Showing posts with label masculinity. Show all posts
Showing posts with label masculinity. Show all posts

Sunday, December 13, 2015

Representing Sexual Abuse in Outlander and Spotlight

I spent this weekend in 1740's Scotland and 2000's Boston thanks to Starz's Outlander and Tom McCarthy's Spotlight. These are two very different (excellent) stories depicting two very different times, but they overlap on one key element: they both contain stories of rape and molestation committed by men, on men (or boys). Here's my attempt to work out how those representations worked, and what they might mean.

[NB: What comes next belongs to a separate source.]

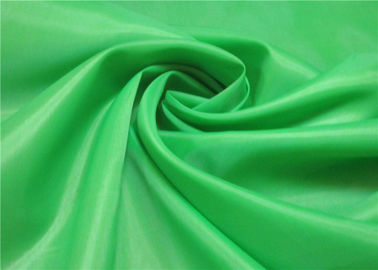 ประเทศจีน ผ้าซับใน Taffeta โพลีเอสเตอร์ 100%, ผ้าทอและย้อมสีผ้าแพรแข็งสีเขียว ผู้ผลิต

Outlander's male protagonist is the strapping, fearless Scottish Jacobite soldier Jamie Fraser who is married to Claire, a time-traveling combat nurse pulled back to 1743 from 1945 (forgive the premise; it's actually great). Jamie's dealings with the Scottish rebellion from the British has left a price on his head, and when he is captured and sent to prison close to the end of the first season, Claire musters up some comrades and cattle (yes, cattle) to break Jamie out before he is hanged. However, it's not Claire who gets to him first but rather the show's villain, "Black" Jack Randall, a redcoat gone rogue who has a perverse obsession with Jamie. How perverse? Let's just say that movie blood hardly ever makes me squeamish, but Black Jack's brutal flogging -- 100 lashes -- of Jamie midway through the season made me yelp in protest despite being alone in my apartment.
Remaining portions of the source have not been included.